Their entry into the market suggests there is unmet demand, Crane notes.
“They position themselves by telling banks we’re not trying to disintermediate you, we’re a technology layer for you,” he said.
The next direction middleware will head
In recent years the Unit has moved toward larger deals, such as public or more mature companies with “significant distribution,” Damti said.
“Banks don’t want to serve smaller companies these days,” he said.
Hazlehurst says Synctera has added banking partners in just the last year and a half and regularly signs two to three new fintech clients every month.
“The market is fundamentally supply-constrained,” he said. “There are not enough banks ready to take on fintech programs and launch them.”
Like Unit, Synctera is raising the bar for which fintech clients it will accept as banks tighten their risk appetite. Most of the non-bank companies it signs tend to be at Series C or higher, or are public companies. In the past, Synctera has most commonly signed startups in the seed or pre-seed stage.
Even as compliance costs for BaaS banks increase, “these partnerships are imperative for them to be integrated into the system. VCs funding fintechs will need to factor this into their estimates,” Crane said. “Some form of technology layer is going to be critical because community banks are not going to build that layer on their own.”
Some suppliers have cut staff to move forward in this new reality.
Treasury Prime has laid off employees after closing the part of its business that sought fintech partners for banks. Synctera laid off employees in March to streamline the business and give it more financial autonomy. Meanwhile, the company has strengthened its payment operations and compliance teams.

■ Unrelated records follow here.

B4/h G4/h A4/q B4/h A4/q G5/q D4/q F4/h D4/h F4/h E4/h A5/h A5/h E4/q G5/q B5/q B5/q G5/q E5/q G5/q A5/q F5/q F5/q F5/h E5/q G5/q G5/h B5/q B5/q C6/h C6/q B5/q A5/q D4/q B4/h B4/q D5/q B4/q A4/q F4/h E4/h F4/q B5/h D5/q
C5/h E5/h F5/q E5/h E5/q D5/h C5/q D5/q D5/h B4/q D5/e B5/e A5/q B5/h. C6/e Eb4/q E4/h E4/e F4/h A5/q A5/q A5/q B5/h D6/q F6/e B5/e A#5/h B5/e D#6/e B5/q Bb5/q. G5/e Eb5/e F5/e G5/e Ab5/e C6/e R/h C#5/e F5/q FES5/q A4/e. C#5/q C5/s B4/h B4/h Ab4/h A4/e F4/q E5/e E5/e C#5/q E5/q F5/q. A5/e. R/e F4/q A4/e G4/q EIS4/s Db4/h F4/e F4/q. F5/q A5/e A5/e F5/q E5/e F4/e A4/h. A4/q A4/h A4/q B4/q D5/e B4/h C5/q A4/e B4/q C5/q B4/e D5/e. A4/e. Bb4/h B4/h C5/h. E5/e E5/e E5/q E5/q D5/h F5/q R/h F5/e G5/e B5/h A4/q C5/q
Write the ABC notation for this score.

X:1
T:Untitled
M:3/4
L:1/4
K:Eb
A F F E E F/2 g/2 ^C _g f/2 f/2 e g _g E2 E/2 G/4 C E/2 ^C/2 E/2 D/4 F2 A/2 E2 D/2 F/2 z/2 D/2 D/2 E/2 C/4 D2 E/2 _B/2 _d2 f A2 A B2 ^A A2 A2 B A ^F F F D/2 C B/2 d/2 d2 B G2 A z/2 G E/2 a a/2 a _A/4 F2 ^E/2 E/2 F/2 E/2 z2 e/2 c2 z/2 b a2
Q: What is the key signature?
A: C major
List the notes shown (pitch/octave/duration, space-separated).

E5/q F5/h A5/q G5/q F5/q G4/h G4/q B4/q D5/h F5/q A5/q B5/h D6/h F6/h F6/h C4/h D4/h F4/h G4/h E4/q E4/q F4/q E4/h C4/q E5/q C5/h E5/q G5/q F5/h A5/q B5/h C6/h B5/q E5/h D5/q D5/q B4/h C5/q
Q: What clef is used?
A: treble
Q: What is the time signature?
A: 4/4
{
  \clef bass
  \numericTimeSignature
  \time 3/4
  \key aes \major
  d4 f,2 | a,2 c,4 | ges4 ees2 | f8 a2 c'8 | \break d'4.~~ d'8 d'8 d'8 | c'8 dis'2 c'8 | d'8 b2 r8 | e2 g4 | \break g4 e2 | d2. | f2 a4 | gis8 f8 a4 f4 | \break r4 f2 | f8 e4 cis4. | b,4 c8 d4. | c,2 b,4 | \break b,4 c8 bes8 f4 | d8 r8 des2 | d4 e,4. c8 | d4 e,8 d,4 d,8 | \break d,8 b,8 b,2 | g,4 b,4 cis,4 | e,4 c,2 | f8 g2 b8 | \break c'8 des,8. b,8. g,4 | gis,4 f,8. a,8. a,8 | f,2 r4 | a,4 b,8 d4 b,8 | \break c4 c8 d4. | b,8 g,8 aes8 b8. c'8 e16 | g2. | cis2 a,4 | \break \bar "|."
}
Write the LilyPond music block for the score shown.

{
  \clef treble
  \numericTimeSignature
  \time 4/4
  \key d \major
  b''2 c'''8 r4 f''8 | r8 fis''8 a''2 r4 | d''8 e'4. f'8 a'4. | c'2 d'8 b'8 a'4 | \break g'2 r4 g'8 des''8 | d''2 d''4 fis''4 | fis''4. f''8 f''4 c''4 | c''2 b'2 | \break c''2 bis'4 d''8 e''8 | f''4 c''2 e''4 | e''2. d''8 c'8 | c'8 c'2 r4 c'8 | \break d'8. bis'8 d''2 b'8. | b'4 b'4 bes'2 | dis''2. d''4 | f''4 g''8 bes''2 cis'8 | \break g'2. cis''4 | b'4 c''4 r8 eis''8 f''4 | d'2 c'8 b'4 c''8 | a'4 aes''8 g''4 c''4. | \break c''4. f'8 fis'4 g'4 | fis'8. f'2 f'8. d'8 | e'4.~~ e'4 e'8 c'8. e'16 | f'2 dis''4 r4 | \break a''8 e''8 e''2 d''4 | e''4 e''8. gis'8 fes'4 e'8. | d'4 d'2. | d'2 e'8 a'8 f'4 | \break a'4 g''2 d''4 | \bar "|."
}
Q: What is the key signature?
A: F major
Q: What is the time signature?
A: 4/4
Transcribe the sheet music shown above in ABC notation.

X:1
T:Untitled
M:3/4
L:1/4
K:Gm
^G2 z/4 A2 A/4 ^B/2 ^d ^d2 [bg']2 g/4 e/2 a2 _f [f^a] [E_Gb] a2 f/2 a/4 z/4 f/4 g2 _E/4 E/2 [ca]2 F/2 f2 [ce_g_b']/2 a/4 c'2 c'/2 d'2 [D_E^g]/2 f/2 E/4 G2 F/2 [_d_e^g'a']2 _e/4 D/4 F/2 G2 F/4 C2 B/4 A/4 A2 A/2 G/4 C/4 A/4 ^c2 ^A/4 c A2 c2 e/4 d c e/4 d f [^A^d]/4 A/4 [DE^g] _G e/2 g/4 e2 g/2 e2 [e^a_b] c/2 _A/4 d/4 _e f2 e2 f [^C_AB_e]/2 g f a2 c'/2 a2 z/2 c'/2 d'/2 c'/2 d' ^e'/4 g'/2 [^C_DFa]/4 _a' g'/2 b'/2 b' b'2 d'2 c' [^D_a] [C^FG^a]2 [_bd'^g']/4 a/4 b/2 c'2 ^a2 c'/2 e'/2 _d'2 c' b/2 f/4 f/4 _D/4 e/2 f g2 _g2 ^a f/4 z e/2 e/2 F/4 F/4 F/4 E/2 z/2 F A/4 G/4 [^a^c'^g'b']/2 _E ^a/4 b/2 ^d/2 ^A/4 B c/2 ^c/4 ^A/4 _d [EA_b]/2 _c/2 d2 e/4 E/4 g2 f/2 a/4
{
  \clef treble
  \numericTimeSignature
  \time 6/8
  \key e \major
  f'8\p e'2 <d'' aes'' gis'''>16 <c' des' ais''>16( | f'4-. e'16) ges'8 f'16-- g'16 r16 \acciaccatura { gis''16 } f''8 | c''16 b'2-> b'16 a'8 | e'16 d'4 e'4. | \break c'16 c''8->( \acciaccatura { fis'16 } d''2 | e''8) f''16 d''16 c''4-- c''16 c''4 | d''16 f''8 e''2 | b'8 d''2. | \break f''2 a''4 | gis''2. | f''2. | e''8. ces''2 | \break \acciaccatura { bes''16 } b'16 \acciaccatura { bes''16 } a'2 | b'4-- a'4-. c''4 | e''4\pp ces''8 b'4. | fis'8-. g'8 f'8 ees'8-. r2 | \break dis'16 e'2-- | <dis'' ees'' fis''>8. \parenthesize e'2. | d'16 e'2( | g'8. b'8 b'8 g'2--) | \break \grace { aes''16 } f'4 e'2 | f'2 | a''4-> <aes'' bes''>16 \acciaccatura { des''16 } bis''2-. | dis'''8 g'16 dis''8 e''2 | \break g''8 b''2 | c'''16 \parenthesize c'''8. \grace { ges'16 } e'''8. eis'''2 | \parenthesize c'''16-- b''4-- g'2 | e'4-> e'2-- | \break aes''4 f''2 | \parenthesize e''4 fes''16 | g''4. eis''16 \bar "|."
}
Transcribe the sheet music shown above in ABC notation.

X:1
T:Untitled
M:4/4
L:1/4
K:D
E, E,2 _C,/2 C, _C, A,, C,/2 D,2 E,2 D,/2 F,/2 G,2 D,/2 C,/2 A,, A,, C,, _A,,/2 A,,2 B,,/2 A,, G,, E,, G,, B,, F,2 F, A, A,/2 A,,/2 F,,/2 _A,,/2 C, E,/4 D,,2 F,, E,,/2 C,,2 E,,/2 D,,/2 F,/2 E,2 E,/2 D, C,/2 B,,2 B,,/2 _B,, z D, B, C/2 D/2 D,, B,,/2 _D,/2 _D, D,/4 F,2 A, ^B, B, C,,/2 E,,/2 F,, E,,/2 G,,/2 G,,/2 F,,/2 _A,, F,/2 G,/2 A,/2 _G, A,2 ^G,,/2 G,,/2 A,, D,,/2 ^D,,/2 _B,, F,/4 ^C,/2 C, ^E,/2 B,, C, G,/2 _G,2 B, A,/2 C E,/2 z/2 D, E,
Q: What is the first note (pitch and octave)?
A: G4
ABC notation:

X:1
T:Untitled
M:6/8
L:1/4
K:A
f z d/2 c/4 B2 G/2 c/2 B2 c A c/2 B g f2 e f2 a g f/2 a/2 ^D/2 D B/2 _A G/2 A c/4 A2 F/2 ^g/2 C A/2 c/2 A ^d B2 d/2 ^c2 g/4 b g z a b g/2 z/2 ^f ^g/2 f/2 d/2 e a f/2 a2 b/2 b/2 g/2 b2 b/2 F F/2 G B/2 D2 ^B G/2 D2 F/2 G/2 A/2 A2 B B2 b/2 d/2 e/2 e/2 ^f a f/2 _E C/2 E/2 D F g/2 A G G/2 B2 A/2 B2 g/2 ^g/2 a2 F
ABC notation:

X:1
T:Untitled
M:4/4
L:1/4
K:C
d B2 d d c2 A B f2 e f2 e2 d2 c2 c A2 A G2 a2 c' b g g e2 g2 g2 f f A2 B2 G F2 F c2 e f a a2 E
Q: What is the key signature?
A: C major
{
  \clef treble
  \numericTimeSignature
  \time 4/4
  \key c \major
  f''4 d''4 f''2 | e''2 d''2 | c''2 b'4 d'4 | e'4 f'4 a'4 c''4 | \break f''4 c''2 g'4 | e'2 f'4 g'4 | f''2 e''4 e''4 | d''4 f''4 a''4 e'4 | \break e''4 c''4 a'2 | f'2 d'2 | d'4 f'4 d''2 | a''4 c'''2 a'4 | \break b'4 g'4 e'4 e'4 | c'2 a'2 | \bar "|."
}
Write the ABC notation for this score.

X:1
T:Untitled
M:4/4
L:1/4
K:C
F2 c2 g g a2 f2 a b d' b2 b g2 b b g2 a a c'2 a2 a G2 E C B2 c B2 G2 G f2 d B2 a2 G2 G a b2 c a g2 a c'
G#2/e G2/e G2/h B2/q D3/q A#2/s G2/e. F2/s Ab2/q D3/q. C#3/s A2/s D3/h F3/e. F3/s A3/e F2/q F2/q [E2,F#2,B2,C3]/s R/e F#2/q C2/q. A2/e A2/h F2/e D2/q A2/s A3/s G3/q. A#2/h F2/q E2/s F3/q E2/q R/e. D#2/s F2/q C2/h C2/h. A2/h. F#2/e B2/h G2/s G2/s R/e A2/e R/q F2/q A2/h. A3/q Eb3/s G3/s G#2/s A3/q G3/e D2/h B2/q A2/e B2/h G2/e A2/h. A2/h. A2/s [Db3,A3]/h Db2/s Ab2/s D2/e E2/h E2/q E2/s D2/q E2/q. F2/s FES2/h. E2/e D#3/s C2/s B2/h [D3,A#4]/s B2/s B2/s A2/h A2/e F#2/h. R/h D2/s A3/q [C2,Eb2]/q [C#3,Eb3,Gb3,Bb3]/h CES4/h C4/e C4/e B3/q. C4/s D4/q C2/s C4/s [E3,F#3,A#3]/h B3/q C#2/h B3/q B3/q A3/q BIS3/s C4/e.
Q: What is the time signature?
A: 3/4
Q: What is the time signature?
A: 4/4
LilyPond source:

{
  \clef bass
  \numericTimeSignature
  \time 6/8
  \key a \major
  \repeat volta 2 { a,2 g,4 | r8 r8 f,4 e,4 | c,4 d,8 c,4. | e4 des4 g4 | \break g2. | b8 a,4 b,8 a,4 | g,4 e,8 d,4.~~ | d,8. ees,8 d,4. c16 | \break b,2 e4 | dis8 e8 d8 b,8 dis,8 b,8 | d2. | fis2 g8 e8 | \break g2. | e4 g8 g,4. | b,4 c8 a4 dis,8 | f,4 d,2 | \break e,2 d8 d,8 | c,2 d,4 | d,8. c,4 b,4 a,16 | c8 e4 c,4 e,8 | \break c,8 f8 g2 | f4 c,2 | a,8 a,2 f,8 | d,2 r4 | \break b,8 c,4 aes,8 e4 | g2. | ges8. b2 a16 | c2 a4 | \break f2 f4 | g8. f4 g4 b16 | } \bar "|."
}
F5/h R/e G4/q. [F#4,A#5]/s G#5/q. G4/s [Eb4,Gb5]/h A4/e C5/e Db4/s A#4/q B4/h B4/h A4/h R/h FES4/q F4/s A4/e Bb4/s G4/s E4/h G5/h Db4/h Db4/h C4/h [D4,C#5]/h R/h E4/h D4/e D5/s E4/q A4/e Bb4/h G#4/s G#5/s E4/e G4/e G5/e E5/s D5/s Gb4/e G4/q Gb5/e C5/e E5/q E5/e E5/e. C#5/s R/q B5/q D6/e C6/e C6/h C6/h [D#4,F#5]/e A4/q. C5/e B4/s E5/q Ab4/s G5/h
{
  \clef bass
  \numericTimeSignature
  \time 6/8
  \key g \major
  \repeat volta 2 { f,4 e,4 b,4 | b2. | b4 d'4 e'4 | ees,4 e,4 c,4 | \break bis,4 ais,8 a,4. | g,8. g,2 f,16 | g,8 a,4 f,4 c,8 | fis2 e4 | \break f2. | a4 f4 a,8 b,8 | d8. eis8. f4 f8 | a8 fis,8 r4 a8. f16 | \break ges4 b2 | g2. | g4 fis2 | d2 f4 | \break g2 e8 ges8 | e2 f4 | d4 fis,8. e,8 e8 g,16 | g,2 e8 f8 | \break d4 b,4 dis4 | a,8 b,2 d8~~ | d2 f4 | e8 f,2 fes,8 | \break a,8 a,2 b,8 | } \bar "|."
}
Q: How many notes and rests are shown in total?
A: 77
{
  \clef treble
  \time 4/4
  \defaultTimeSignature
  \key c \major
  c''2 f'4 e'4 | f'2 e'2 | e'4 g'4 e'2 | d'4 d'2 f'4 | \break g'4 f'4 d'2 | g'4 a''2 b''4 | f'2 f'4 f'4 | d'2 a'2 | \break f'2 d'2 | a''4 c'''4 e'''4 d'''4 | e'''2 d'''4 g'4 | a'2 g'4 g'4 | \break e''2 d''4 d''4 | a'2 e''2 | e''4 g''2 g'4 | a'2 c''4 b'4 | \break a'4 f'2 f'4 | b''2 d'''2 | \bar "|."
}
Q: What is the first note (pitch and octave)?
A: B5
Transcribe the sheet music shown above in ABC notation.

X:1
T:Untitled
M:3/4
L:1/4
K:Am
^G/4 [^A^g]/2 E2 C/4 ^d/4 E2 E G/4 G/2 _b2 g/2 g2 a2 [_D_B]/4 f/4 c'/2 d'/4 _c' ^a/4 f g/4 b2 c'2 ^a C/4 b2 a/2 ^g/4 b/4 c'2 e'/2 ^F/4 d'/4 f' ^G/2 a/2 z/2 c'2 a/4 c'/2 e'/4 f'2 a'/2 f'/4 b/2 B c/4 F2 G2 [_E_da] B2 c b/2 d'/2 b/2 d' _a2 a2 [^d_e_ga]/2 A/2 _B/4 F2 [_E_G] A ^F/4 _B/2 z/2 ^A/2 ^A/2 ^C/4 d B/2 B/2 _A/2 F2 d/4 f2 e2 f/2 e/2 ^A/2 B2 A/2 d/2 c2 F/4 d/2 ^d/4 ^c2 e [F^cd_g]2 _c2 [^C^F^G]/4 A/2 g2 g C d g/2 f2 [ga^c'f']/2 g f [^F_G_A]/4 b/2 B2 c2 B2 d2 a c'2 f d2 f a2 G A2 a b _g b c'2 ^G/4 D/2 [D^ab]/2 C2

The unit did not carry out any layoffs. In the future, it plans to add loans beyond banking to the services it facilitates; perhaps monetize forms, such as 1099-INT filing, which charges no additional fees for today; and sell Unit as a lateral core system so banks can launch their own white-label digital experiences.
The layoffs at Treasury Prime and Synctera may be more of a temporary bump in the companies’ trajectories than a serious sign of trouble.
“It’s the recognition of the change between what you can charge and what your core business is,” Henrichs said. “It’s an acknowledgment that the model has changed.”